On 16/01/2024 at 10:50:13 PM, Saku Ytti <saku@ytti.fi> wrote:
On Tue, 16 Jan 2024 at 11:00, William Herrin <bill@herrin.us> wrote:
You have a computer room humidified to 40% and you inject cold air
below the dew point. The surfaces in the room will get wet.
I think humidity and condensation is well understood and indeed documented but by NEBS and vendors as verboten.

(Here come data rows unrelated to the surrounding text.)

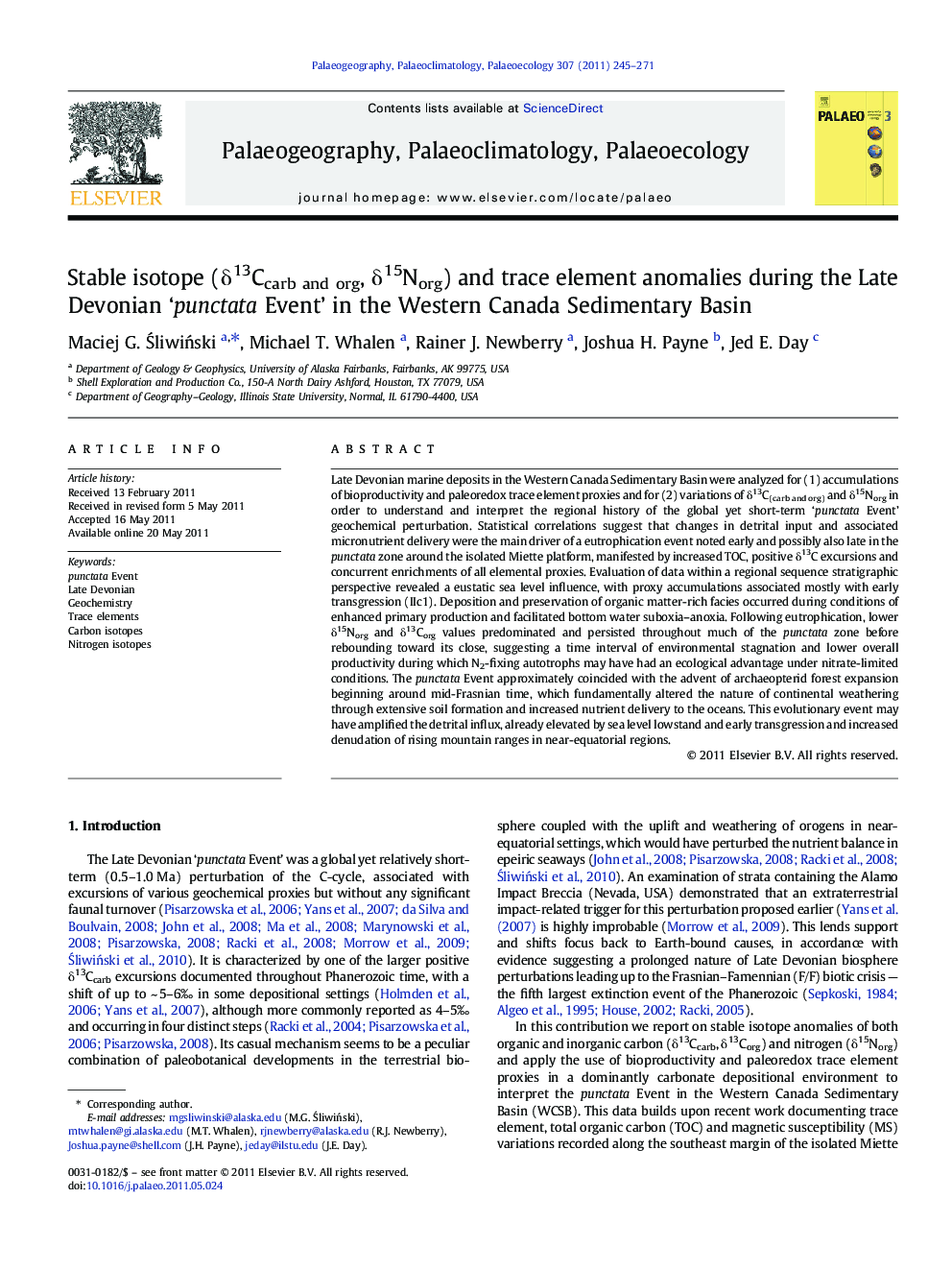 Stable isotope (δ13Ccarb and org, δ15Norg) and trace element anomalies during the Late Devonian ‘punctata Event’ in the Western Canada Sedimentary Basin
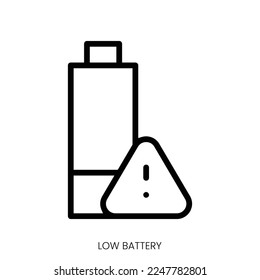 low battery icon. Line Art Style Design Isolated On White Background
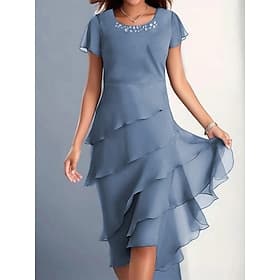Women's Midi Dress Chiffon Dress Graduation Dress Cocktail Dress Wedding Guest Dress Elegant Formal Wedding Guest Cocktail Party Regular Fit Short Sleeve Crew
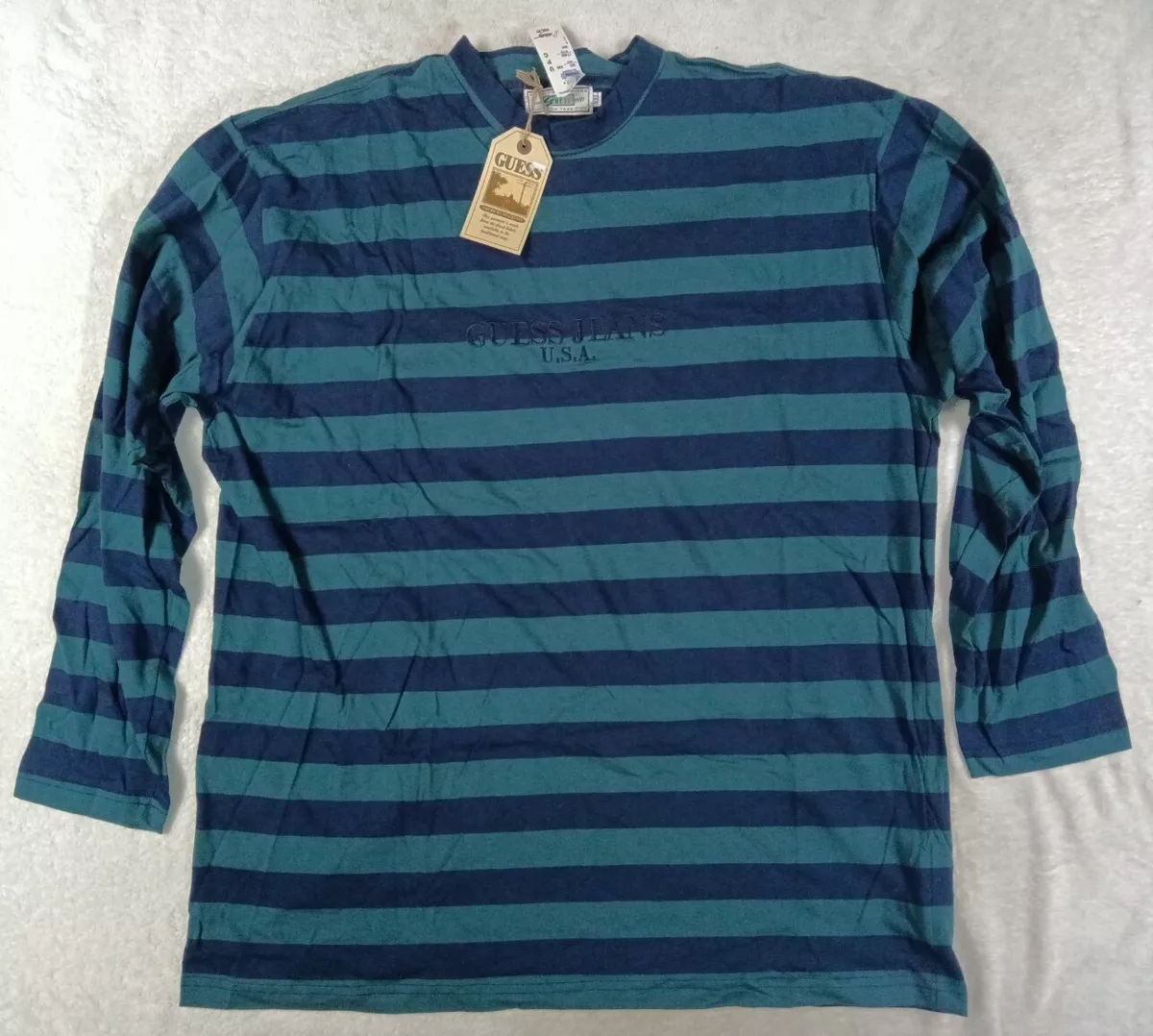 Guess Jeans 90 s Striped XXL T Shirt Long Sleeve NWT NOS Vintage Cotton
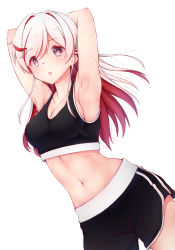 Rule 34 | 1girl, armpits, arms behind head, arms up, black shorts, black sports bra, blush, breasts, brown eyes, cleavage, collarbone, colored inner hair, cowboy shot, hair between eyes, long hair, medium breasts, midriff, multicolored hair, navel, open mouth, original, red hair, short shorts, shorts, sideboob, simple background, solo, sports bra, sportswear, standing, stomach, sweatdrop, two-tone hair, wakkuchin20, white background, white hair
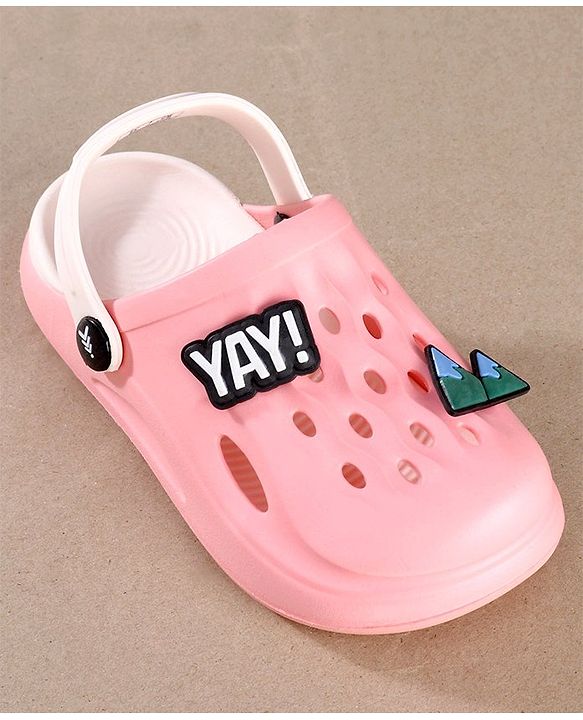 Pine Kids Clogs Mountain And Text Patch - Pink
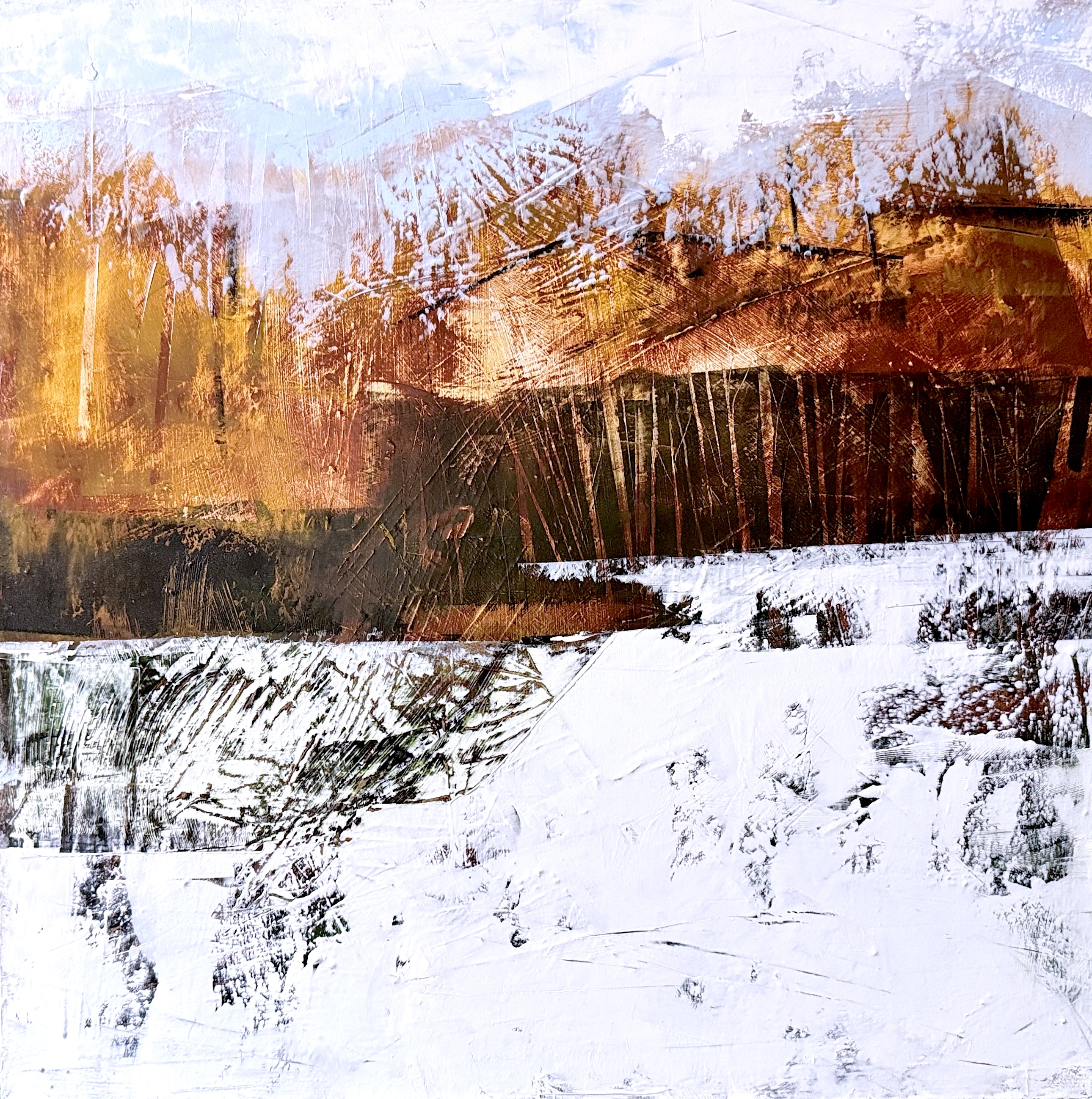 MarijeanHarris ThresholdOfWinter OilColdWax24x24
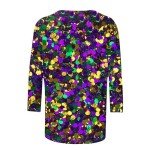 Funny Mardi Gras 3/4 Sleeve Mask Graphic Tees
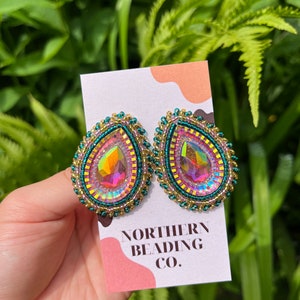Jasper - Indigenous Beaded Teardrop Earrings (Canada Collection)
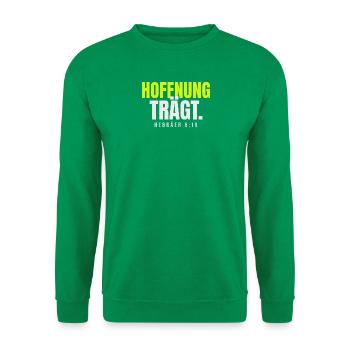 Hoffnung trägt – Hebräer 6,19 - Unisex Pullover - Kelly Green - Vorne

I am more interested in temperature changes when not condensating and causing water damage. Like we could theorise, some soldering will expand/contract too fast, breaking or various other types of scenarios one might guess without context, and indeed electronics often have to experience large temperature gradients and appear to survive. When you turn these things on, various parts rapidly heat from ambient to 80-90c. So I have some doubts if this is actually a problem you need to consider, in absence of condensation.
Here’s some manufacturer specs: https://www.dell.com/support/manuals/en-nz/poweredge-r6515/per6515_ts_pub/environmental-specifications?guid=guid-debd273c-0dc8-40d8-abbc-be059a0ce59c&lang=en-us 3rd section, “Maximum temperature gradient”.
From memory, the management cards alarm when the gradient is exceeded, too.